▶ Dataset content:
________________________________________

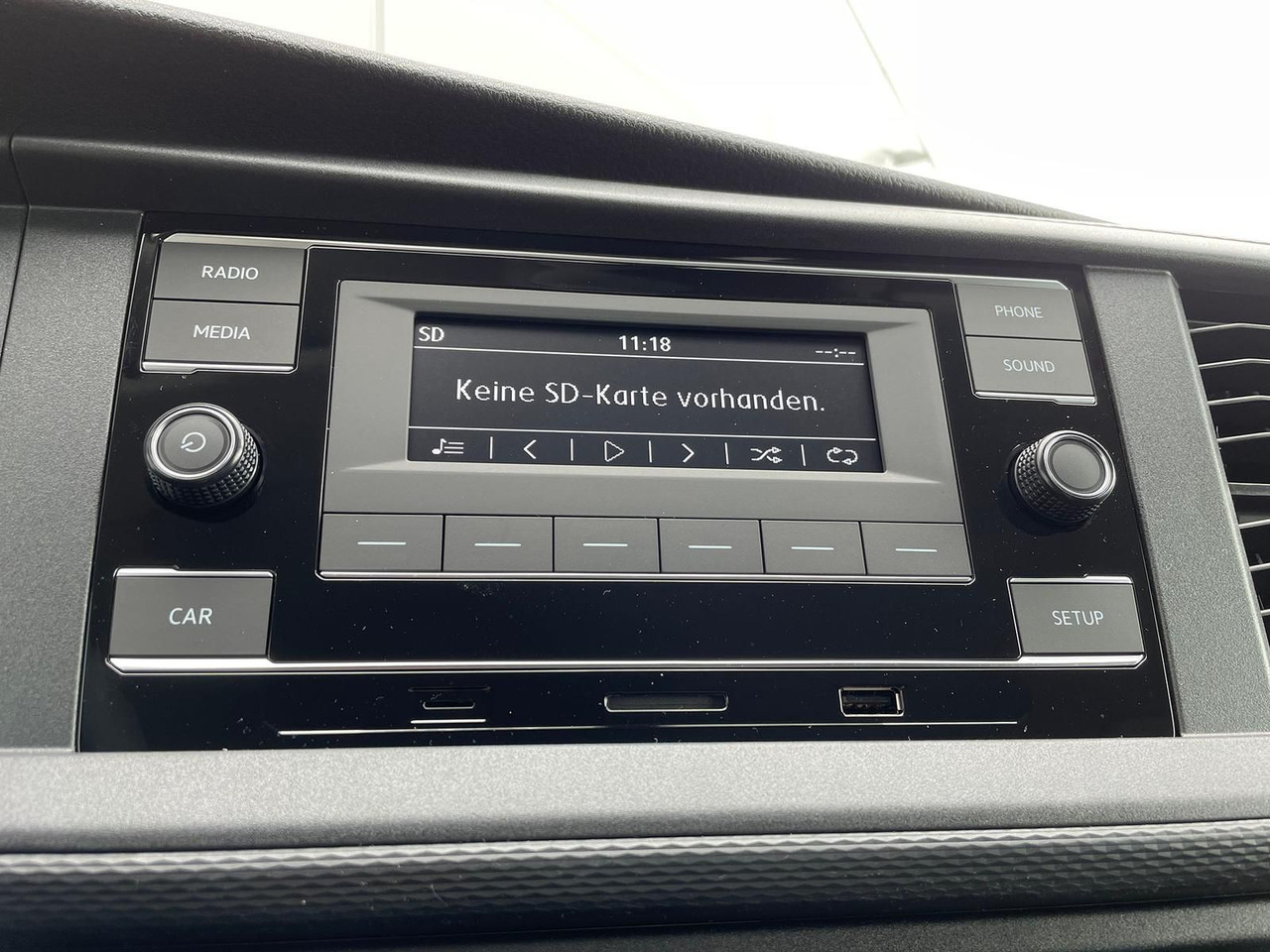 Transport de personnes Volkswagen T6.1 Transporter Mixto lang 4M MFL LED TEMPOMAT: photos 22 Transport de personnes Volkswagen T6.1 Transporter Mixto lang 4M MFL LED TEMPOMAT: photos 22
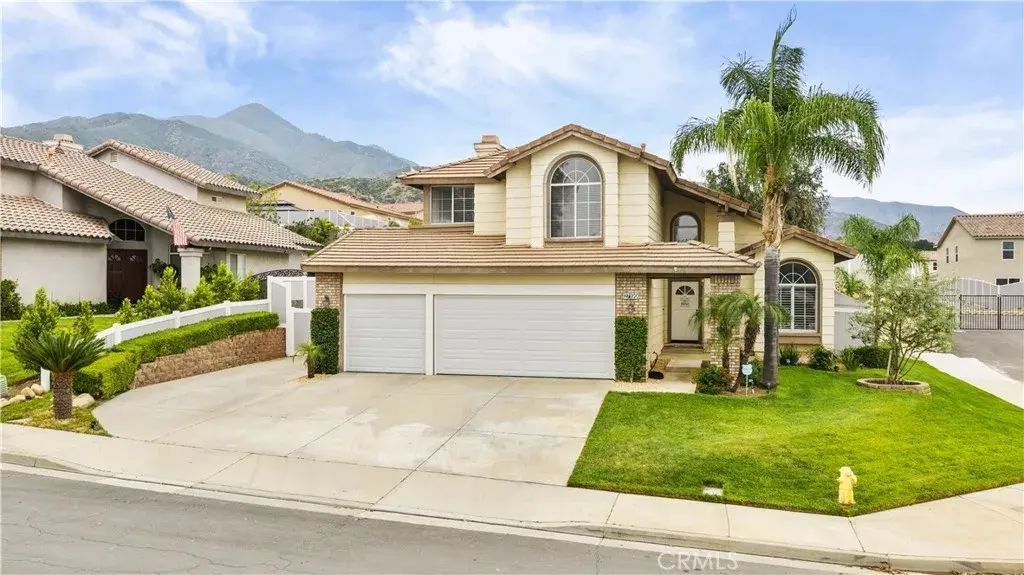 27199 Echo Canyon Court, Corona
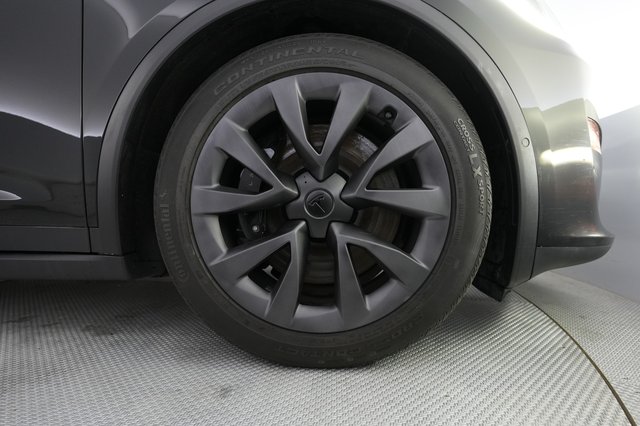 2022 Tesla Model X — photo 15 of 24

________________________________________

▶ Task prompt:
In full and without change, repeat the material above, minus the pictures.

▶ Solution:
 Transport de personnes Volkswagen T6.1 Transporter Mixto lang 4M MFL LED TEMPOMAT: photos 22 Transport de personnes Volkswagen T6.1 Transporter Mixto lang 4M MFL LED TEMPOMAT: photos 22
 27199 Echo Canyon Court, Corona
 2022 Tesla Model X — photo 15 of 24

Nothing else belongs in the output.